For one thing, Black Friday was even more distasteful than usual, what with the trampling death of a WalMart worker and the general economic meltdown (although, in the interests of full and somewhat-embarrassing disclosure, Oz and Fosco did buy an Xbox on Friday). And then there were the horrible attacks in Mumbai (more on that in an upcoming post).
Part of the problem is that Fosco is pretty ambivalent about the emotion of gratitude. What does it mean to feel grateful for something? And why should one feel that way? These questions are not that easy to answer if you think about them in terms of something like Thanksgiving.
Obviously, there are simple gratitude situations in everyday life. Say I'm 25 cents short at 7-11 (buying my favorite Chinese melamine chews) and the surfer dude behind me gives me a quarter. I'm grateful. Easy enough. Fosco is not a monster.

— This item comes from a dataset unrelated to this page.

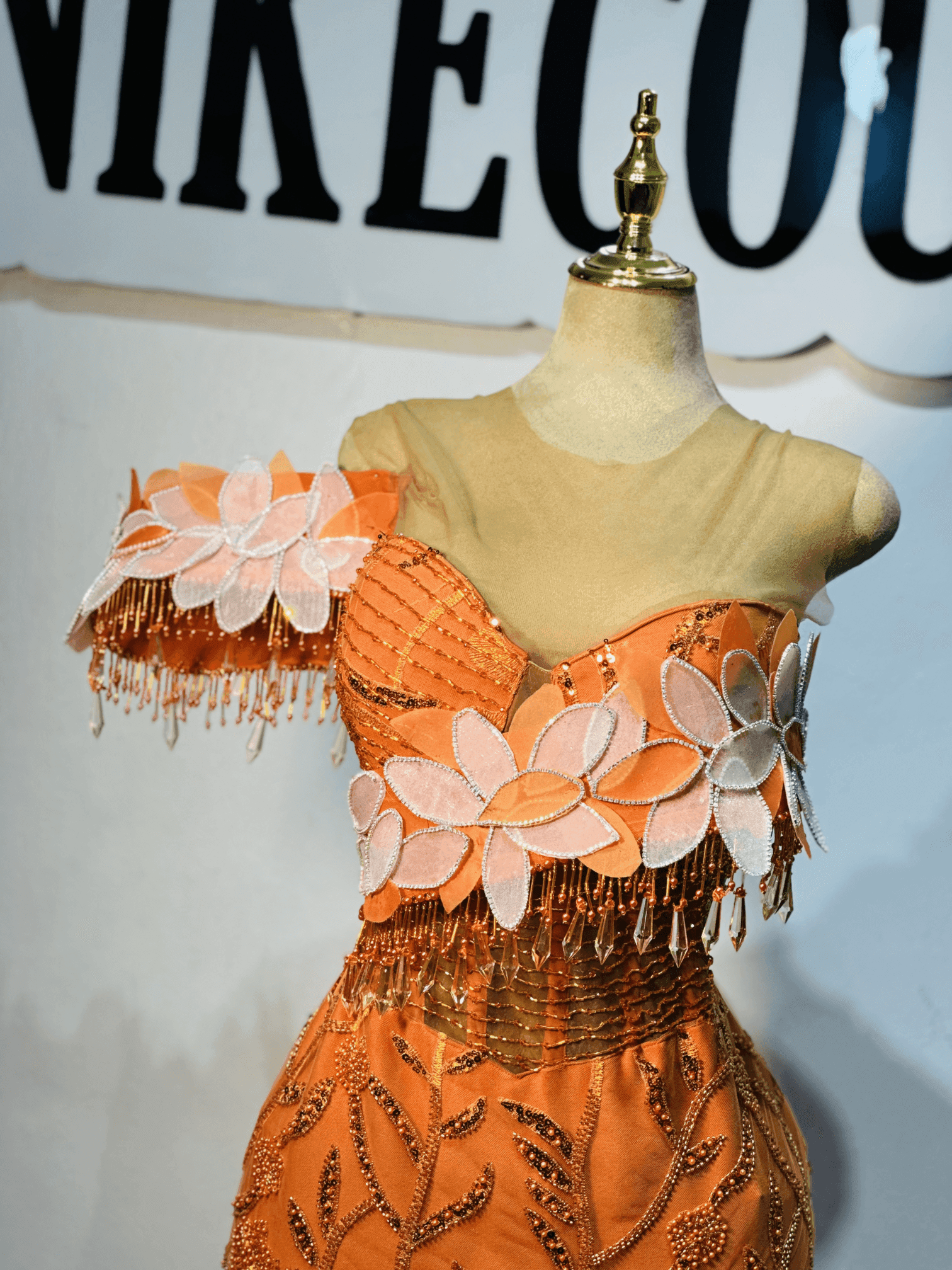DARA Dress - Image 3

The problem is when a holiday like Thanksgiving comes around and the conventional wisdom is that you feel something we might call ontological gratitude--that is, gratitude for one's way of being in the world. By this, I mean feeling gratitude for one's essential position in the world, e.g.,
- I'm grateful that I'm smart.
- I'm grateful that I live in a rich Western society.
- I'm grateful that I have a family and friends who love me.
- I'm grateful that I'm alive.
There are two problems with this kind of gratitude as Fosco sees it. The first is that gratitude is an other-directed emotion. If you are grateful for a good thing, you are feeling grateful TO somebody/something for that good thing. Gratitude implies an agent who produced that good thing for you (like that dude who helped me buy my melamine chews). So who do you thank for one's talents, one's relatives, one's nationality, one's existence? I suppose that's where God comes in, but that's not very helpful for those of us living the post-God existence. The God substitutes don't really work well for Fosco here either--being grateful to "The Universe" just feels stupid.
The related problem here is the question of desert (and I don't mean dessert). I'm not sure that you can feel grateful for something that you don't feel like you deserve (even just a little). Can you feel grateful for dumb blind luck? Fosco can't. This isn't a problem for most everyday applications of gratitude--after all, there is certainly part of Fosco that feels he deserves his melamine chews at 7-11 (as he's already paid almost all of the purchase price) and the surfer dude who gives him a quarter is just helping him get what he deserves. But what exactly did you (or Fosco) do to deserve not to be born in the Third World? What did you (or Fosco) do to deserve to be born with all of your limbs?What I'm trying to suggest is that there is something slightly obscene about being grateful that you are much less existentially miserable than most of the world. After all, if you are the person who misses a plane that crashes, are you grateful that you didn't make the flight? Or do you just feel stupidly, guiltily, undeservingly lucky? The difference here is that lucky (unlike grateful) is not an entirely pleasant feeling. With luck, there is always the recognition that there is no reason why you have good things. That's why no one keeps a "luck journal."
And so, how does one feel on Thanksgiving, when one has a table full of food and a safe place to live? Fosco feels lucky, not grateful. And while you can still enjoy the good things that are yours because of luck, you cannot do so without some ambivalence, without the recognition that you have those things over other people for no good reason. Happy Thanksgiving.